Rutnam made clear his anger in his statement on Saturday, which he read to the BBC outside an address in north London. He said he had received allegations that Patel’s conduct had included belittling people and making unreasonable demands.

He said: “One of my duties as permanent secretary was to protect the health, safety and wellbeing of our 35,000 people. This created tension with the home secretary and I have encouraged her to change her behaviours.

“I have received allegations that her conduct has included shouting and swearing, belittling people, making unreasonable and repeated demands – behaviour that created fear and that needed some bravery to call out.”

He claimed the Home Office offered him a financial settlement to avoid his public resignation, and he said he hoped his stand “may help in maintaining the quality of government in this country”.

A statement from Sedwill thanked Rutnam for his “long and dedicated career of public service” and announced that Shona Dunn, the second permanent secretary at the Home Office responsible for borders, immigration and citizenship, would become acting permanent secretary.

Rutnam’s resignation is likely to intensify criticism of the home secretary and put renewed focus on the drive by the PM’s chief adviser, Dominic Cummings, to shake up the civil service.

Yvette Cooper, the chair of the home affairs select committee, said the allegations reflected “extremely badly on the government”.

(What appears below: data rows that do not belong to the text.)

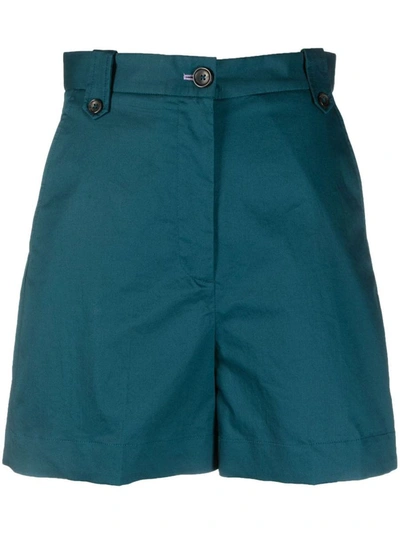 Shop Paul Smith Cotton High-waisted Shorts In Blue
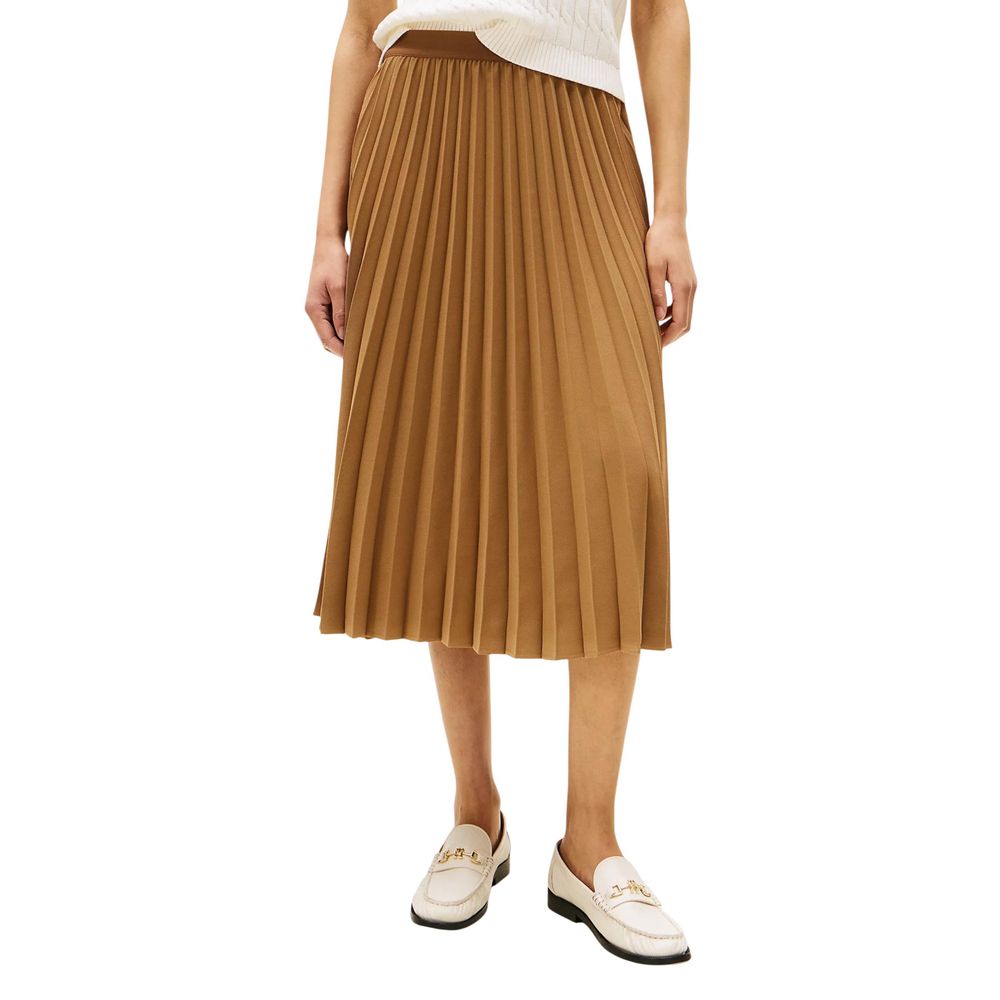 Tommy Hilfiger Brown Recycled Polyester Midi Skirt Tommy Hilfiger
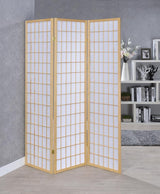 Carrie Natural/White 3-Panel Folding Screen by Coaster at Eve Furniture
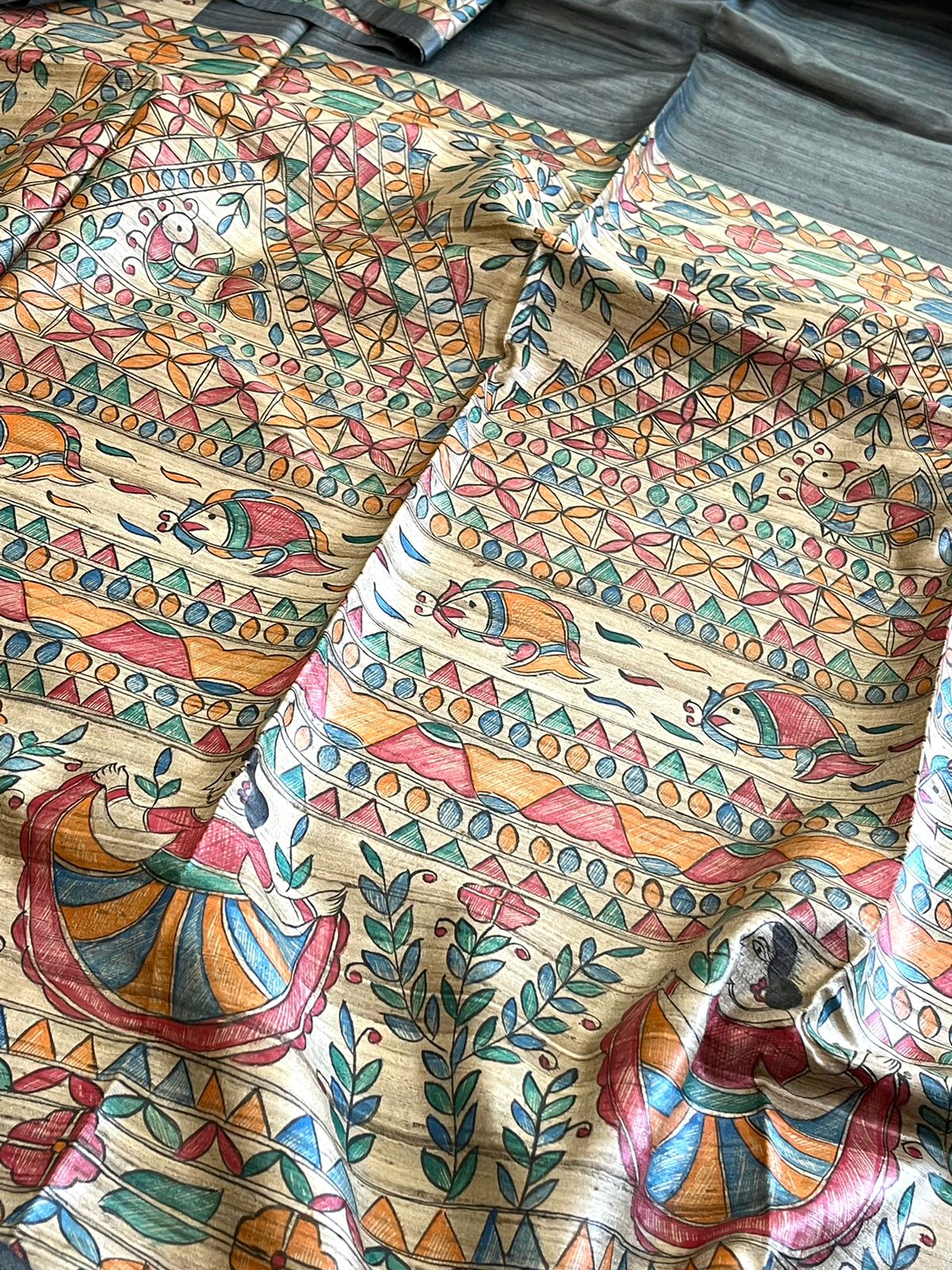 Pure Tussar Silk Handwoven saree with Madhubani Handpainting - Grey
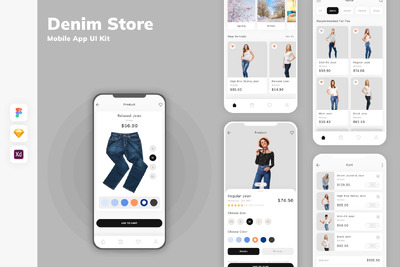 牛仔布商店移动应用 APP UI KIT (SKETCH,FIG,XD)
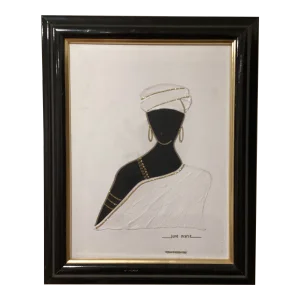 Mid 20th Century June Marie Original Oil on Canvas African American Woman Painting, Framed
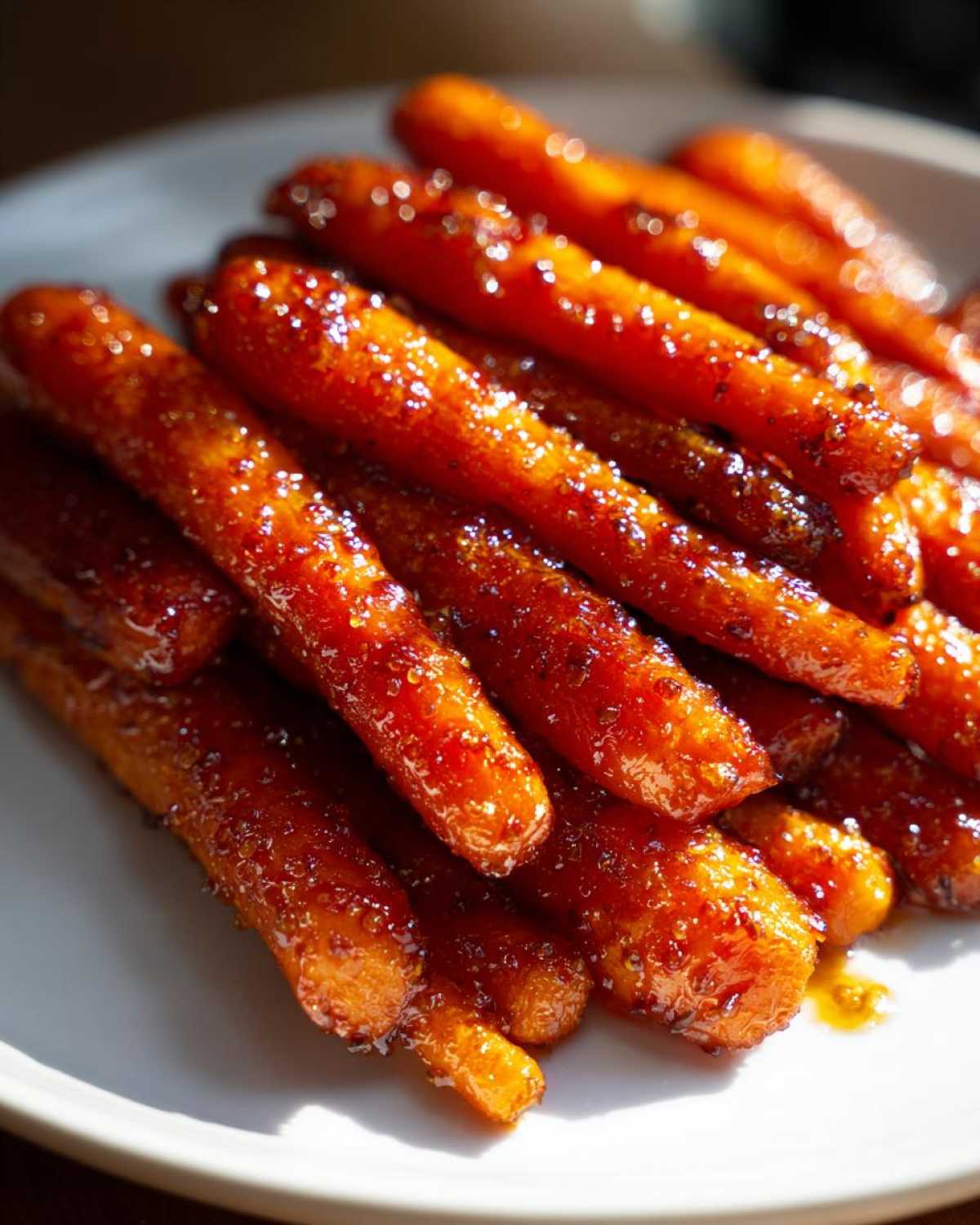 Close-up of bright orange, glistening honey glazed carrots piled on a white plate under bright light.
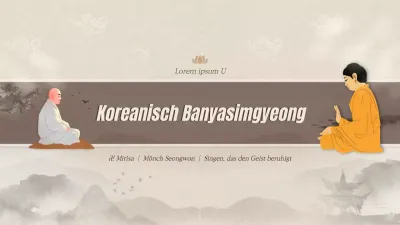 Beige und braune koreanische Gemälde mit einer buddhistischen Salzmeditation YouTube channelArt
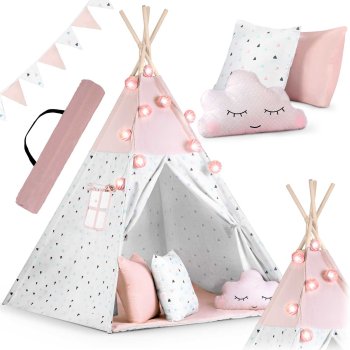 Baby Tipi Tent with Light Garland Nukido, Pink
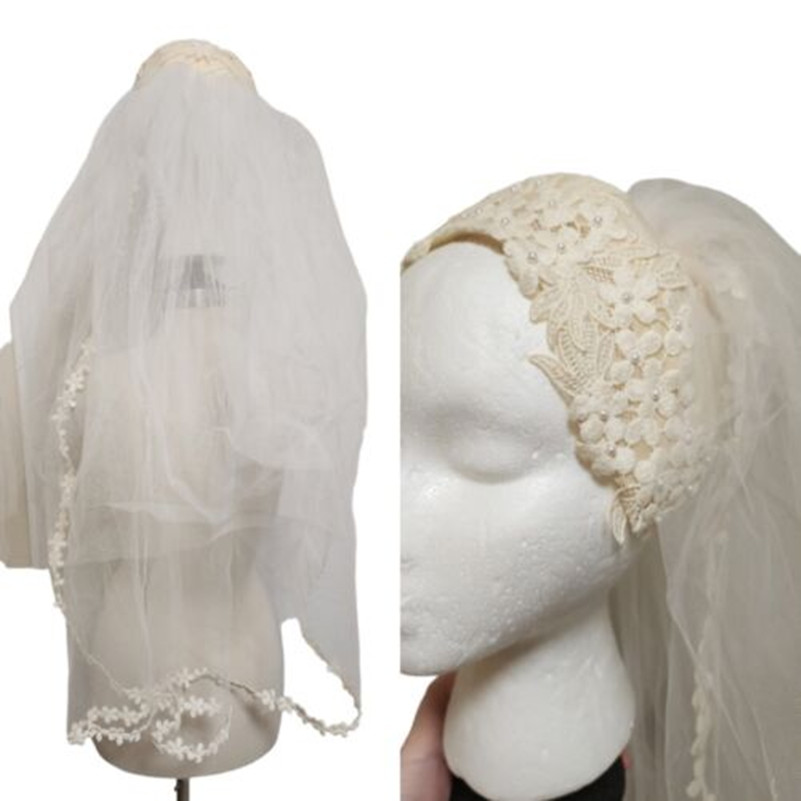Vintage Wedding Veil Headpiece Short White Beaded Floral Edged Trim
Vintage Wedding Veil Headpiece Short White Beaded Floral Edged Trim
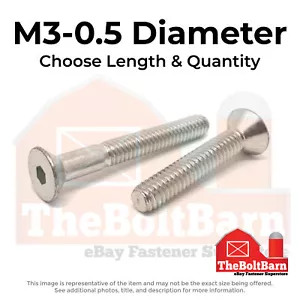 M3-0.5 Stainless A2-70 Flat Head Socket Cap Screws (Choose Length & Qty) - Picture 1 of 9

She said: “To end up with one of the most senior public servants in the country taking court action against one of the great offices of state shows a shocking level of breakdown in the normal functioning of government.

“For the home secretary and prime minister to have allowed things to reach this point is appalling, especially at a time when the Home Office faces crucial challenges with rising violent crime, forthcoming counter-terror legislation, new immigration laws, and sensitive negotiations on post-Brexit security cooperation.”

Cooper said an employment tribunal could take months. “We cannot afford to have a dysfunctional and distracted Home Office while this tribunal is going on,” she said. “The work of the Home Office and the home secretary is far too important for that. The prime minister and the cabinet secretary therefore have a duty to investigate these allegations to a much faster timetable so that the normal functioning of the Home Office can be restored.

“The Home Office is too important a department to function with a poisoned relationship between the home secretary and her civil servants.”

Jon Trickett, the shadow Cabinet Office minister, said the PM “must come to the House of Commons to answer Sir Philip Rutnam’s allegations without delay”.

Labour’s Stephen Doughty, a member of the Commons home affairs committee during the last parliament, said Patel’s position as home secretary “must now also be in question”.

The Liberal Democrat home affairs spokeswoman, Christine Jardine, said serious questions needed to be asked about the culture that was being created at the Home Office. “The Tories are acting just like Donald Trump, putting ideology ahead of competence, and it’s the British people who will pay the price,” she said.

Dave Penman, the general secretary of the FDA, the senior public servants’ union, said the resignation “demonstrates once again the destructive consequences of anonymous briefings against public servants who are unable to publicly defend themselves”.

He said: “This cowardly practice is not only ruining lives and careers but at a time when the Home Office is being tasked with delivering a demanding government agenda on immigration, and preparing for a public health emergency, it has diverted energy and resource into responding to unfounded accusations from sources claiming to be allies of the home secretary.”

Penman said the Home Office now needed to find new leadership at a time when it needed stability. He said: “Those who engage in anonymous briefings need to bear the responsibility for this destructive behaviour. Only the prime minister can put a stop to this behaviour and unless he does so, he will have to accept his own responsibility for the consequences.”